Exercise instructions
Leave out every picture and set down, exactly, the lines below from the one holding "TOO SALTY SWIMWEAR" up to and including the one holding "USB Şarjlı Kablosuz".

Records for this exercise
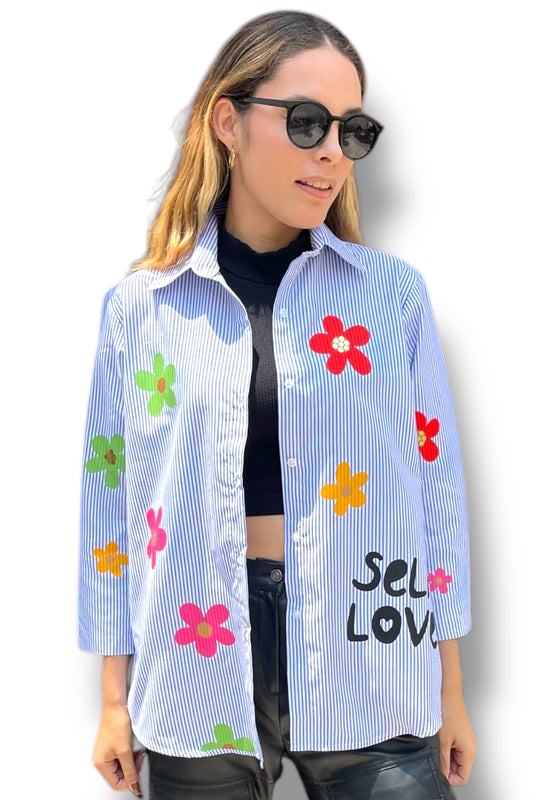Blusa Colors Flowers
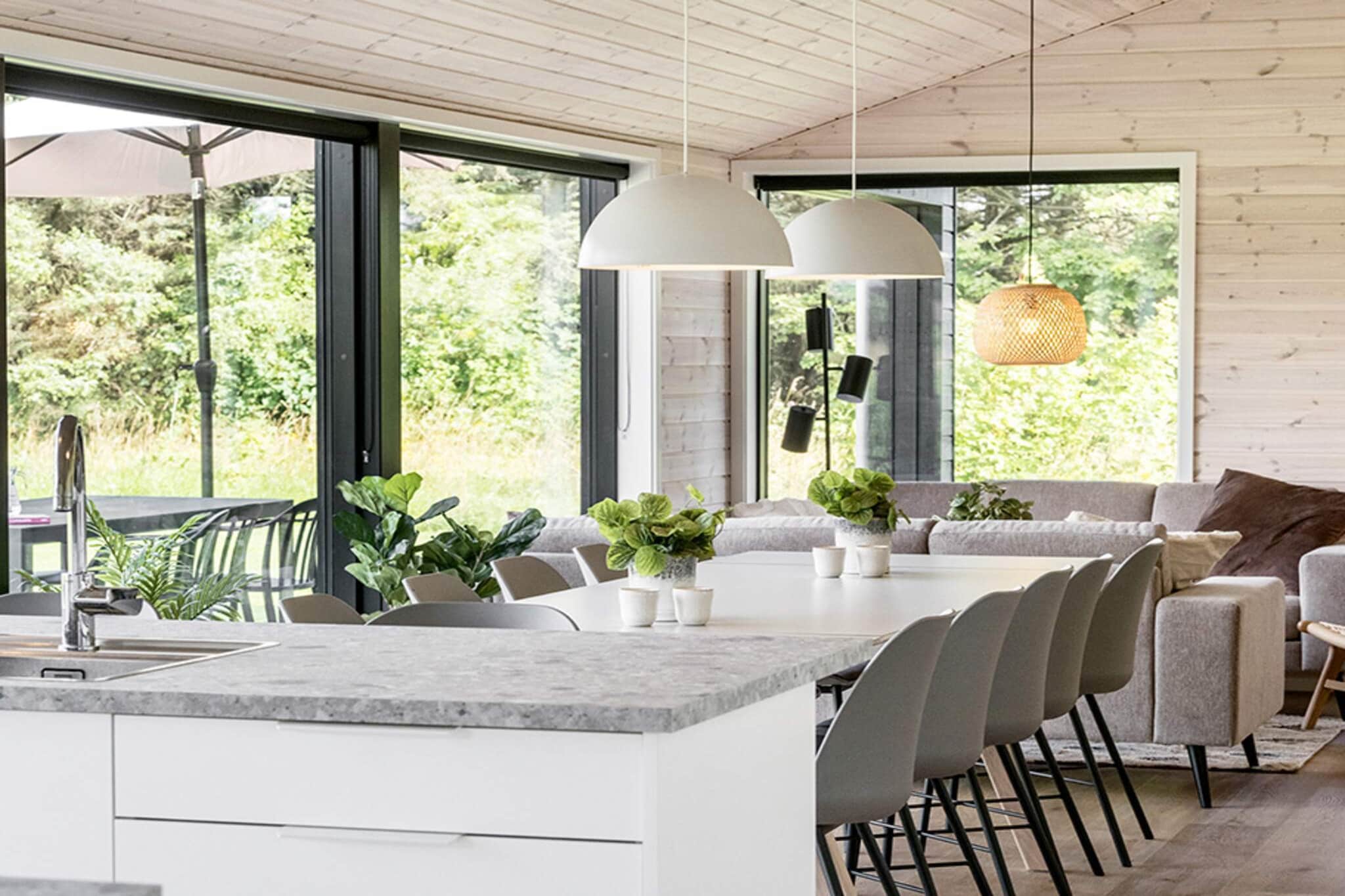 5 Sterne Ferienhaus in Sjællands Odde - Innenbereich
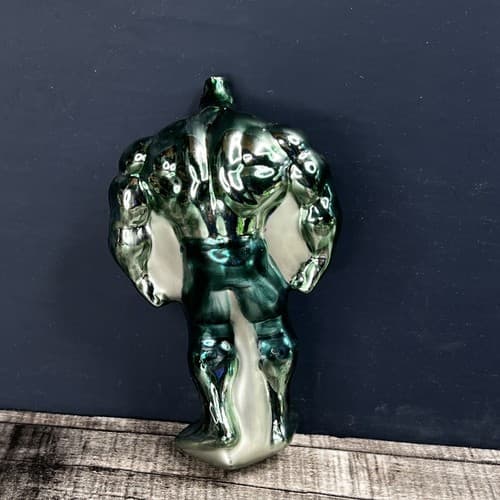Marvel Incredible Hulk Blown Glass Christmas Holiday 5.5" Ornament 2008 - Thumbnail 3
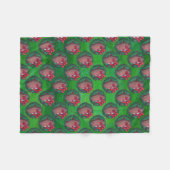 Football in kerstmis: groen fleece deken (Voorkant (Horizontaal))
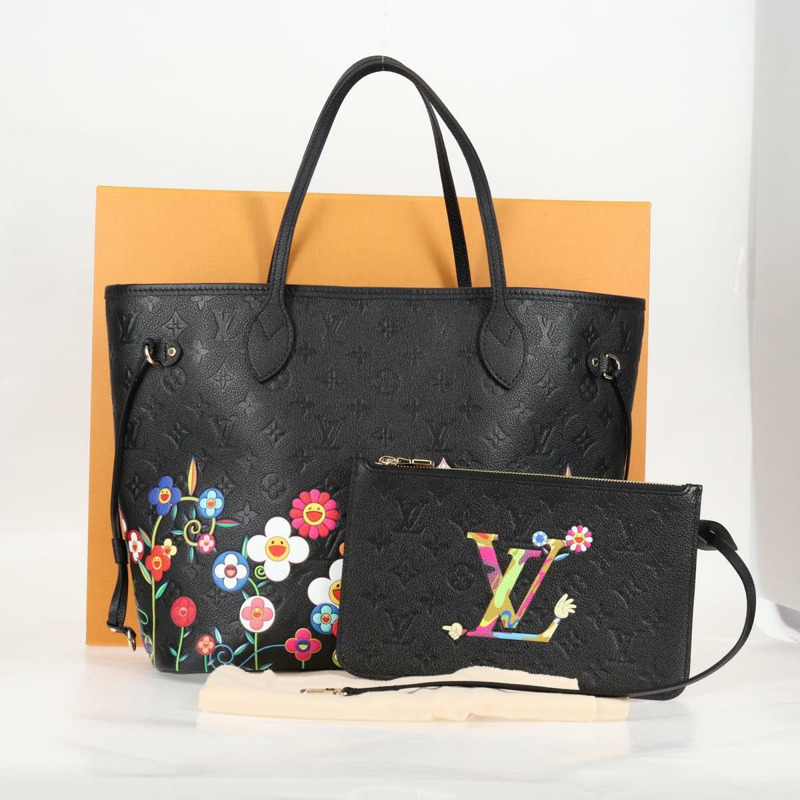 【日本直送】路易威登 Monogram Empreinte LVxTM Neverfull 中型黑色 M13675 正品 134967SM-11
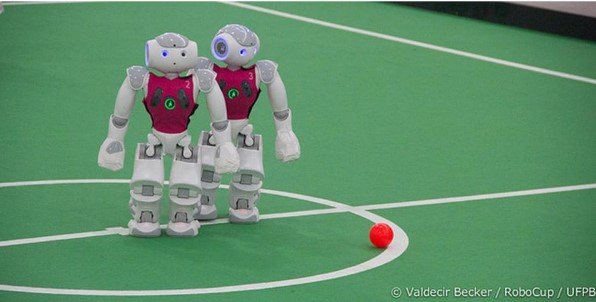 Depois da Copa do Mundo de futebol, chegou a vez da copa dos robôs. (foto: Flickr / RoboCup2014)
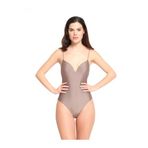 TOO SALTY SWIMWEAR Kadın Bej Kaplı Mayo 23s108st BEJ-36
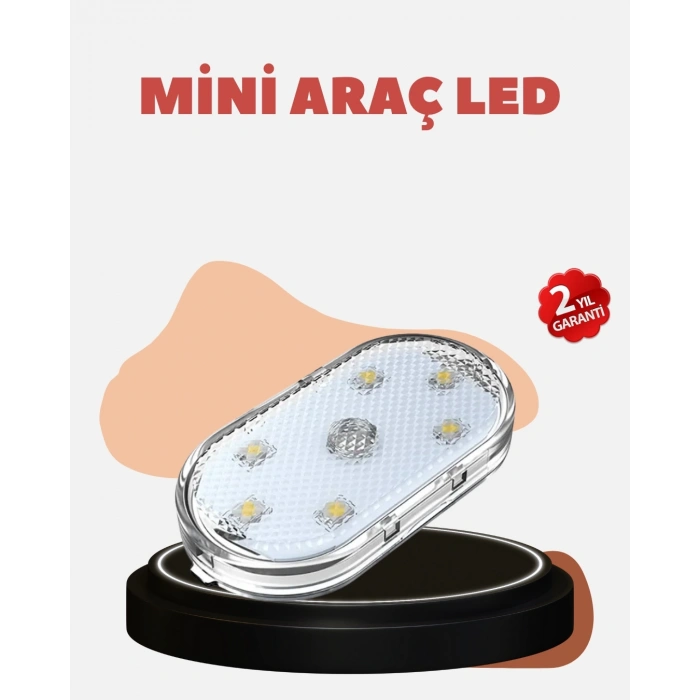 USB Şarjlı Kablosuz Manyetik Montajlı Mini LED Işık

---

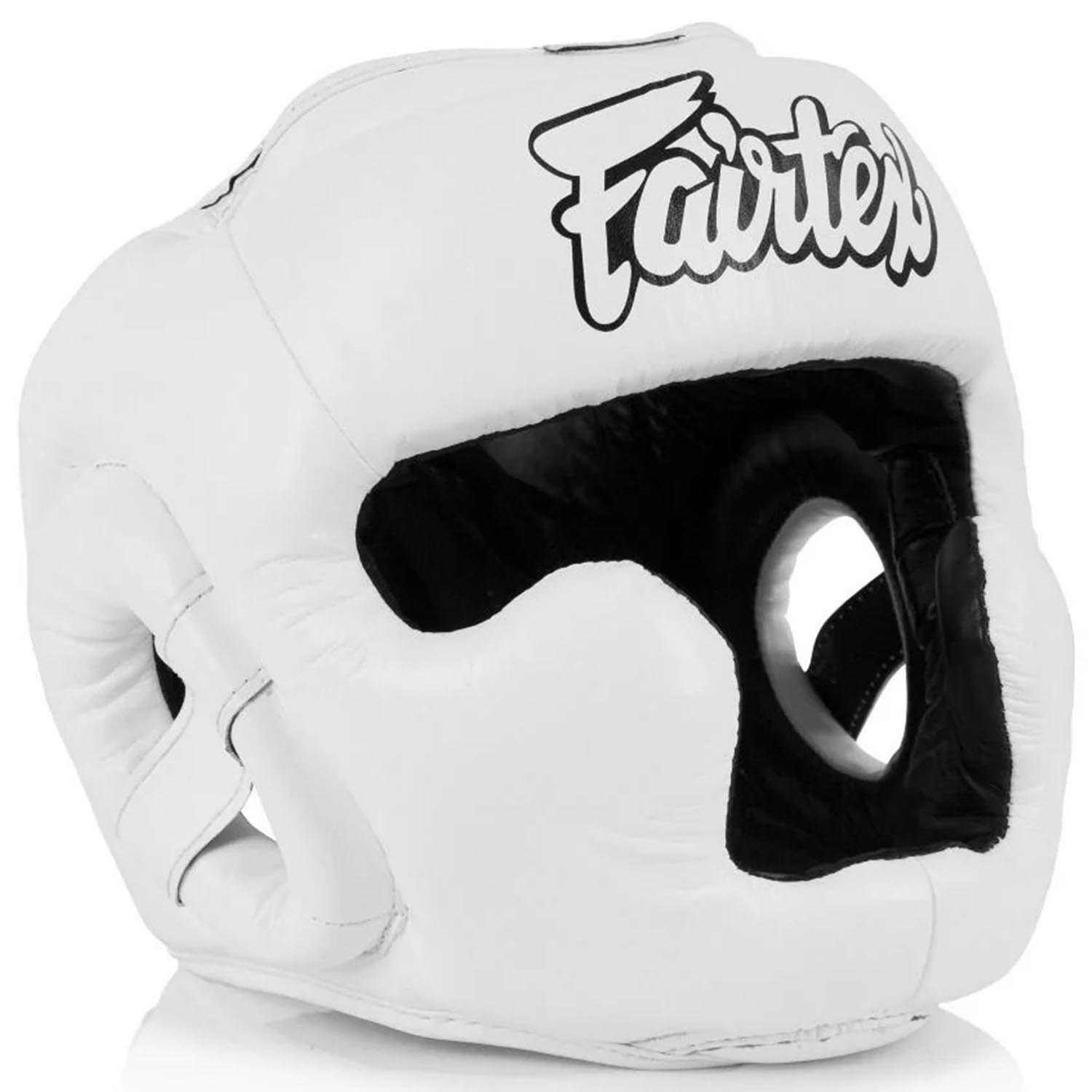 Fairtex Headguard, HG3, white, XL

Final answer
 TOO SALTY SWIMWEAR Kadın Bej Kaplı Mayo 23s108st BEJ-36
 USB Şarjlı Kablosuz Manyetik Montajlı Mini LED Işık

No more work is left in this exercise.